There’s a lot to like about Roberts’ version of the story, particularly for fervent Doctor Who fans. Roberts’ breezy approach in his own scripts, including “The Lodger” and “The Unicorn And The Wasp,” make him a logical choice to tackle this particular mountain. He clearly knows and loves the series, and fills the book with winking references and in-jokes, like name-checking one of the Doctor’s old Time Lord foes, The Meddling Monk, then suggesting there’s a still-untold adventure where he meets “the Interfering Nun.” (There’s even a sly nod to Adams’ brief connection with Monty Python’s Flying Circus.) Most importantly, Roberts captures the bantering, cheerful relationship between the eccentric Doctor, upbeat Romana, and loyal K9 as fans will remember it from the TV series.

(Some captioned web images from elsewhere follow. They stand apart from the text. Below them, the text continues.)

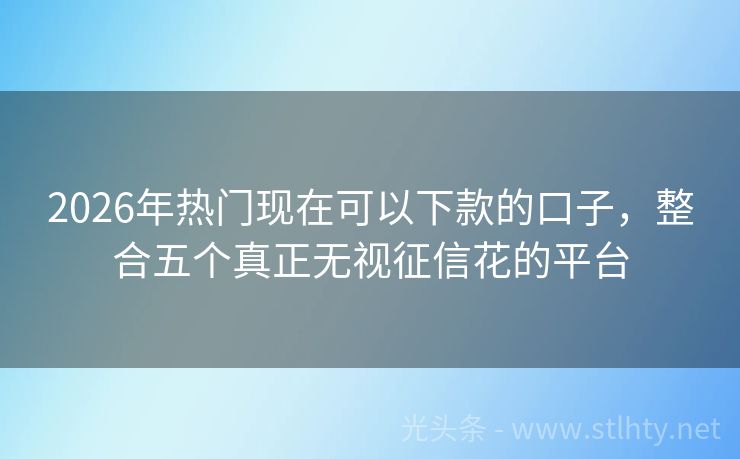 2026年热门现在可以下款的口子，整合五个真正无视征信花的平台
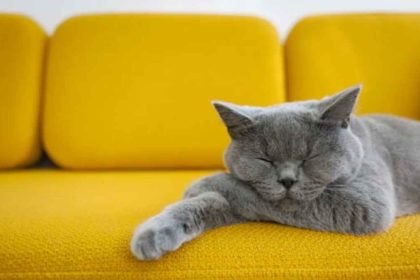 A Comprehensive Guide to Your Aging Cat's Health and Well-Being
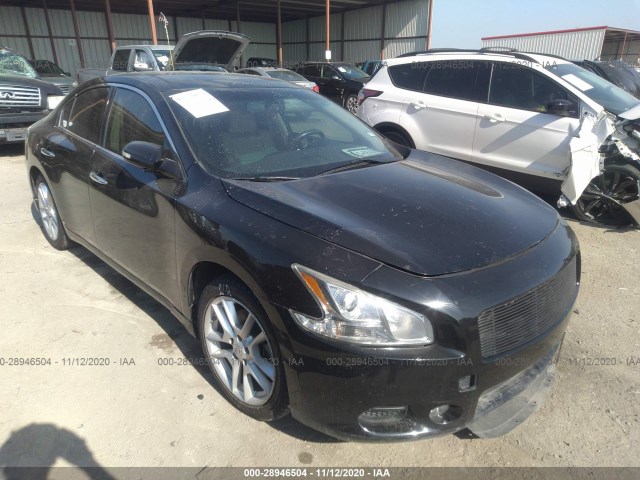 NISSAN MAXIMA 2011 1n4aa5ap1bc857218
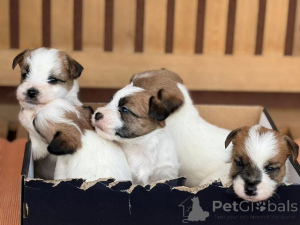 Photo №3. Short-haired Jack Russell Terrier puppies. Serbia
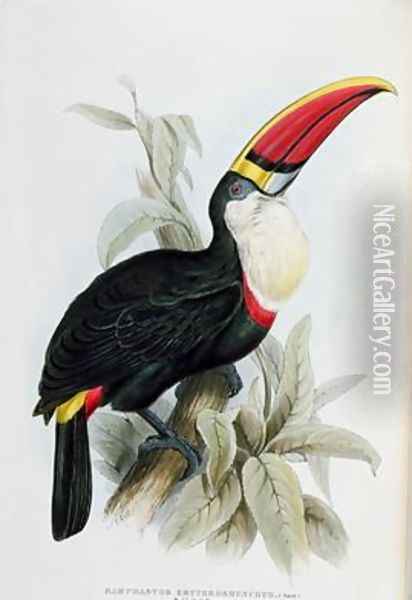 Red-Billed Toucan Oil Painting - Edward Lear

But no matter how faithful Roberts is, his Shada suffers from two unfixable problems: First, Adams was right about its quality. Shada is a slight, hastily conceived, overlong story assembled while Adams was preoccupied with the sudden success of Hitch-Hikers’ Guide, and losing interest in Doctor Who. Second, this is not a Douglas Adams novel, but a mere imitation. Though Roberts’ approach is well-intentioned and reverent, and he successfully recreates Adams’ sense of whimsical, glib casualness, this is still a superficial copy. What made Adams a great satirist, one of the best of his generation, went deeper than his quips. Lurking under them was a sharp-eyed pessimist’s insight into human nature, and often a slow-burning anger at the randomness and destructiveness of life, the universe, and everything—and that gave his writing weight. At his best, Adams’ humor was not only funny, but as existential and philosophical as Waiting For Godot. Roberts doesn’t come anywhere close to that level of literary craft, and his Shada suffers from the same mawkishness and cheap sentimentality that too often creep into his TV scripts. Worse, it’s lighthearted without ever being particularly funny. Roberts’ ability to land a joke is markedly worse than Adams’, with a tendency toward maddening repetition of the same idea a dozen times.
In the end, Shada is something of a cul-de-sac in the canons of both Doctor Who and Douglas Adams, and any chance to bring it to life as originally envisioned is long gone. Only someone with a time machine might be able to save it, and unfortunately, the best guy for that job is fictional.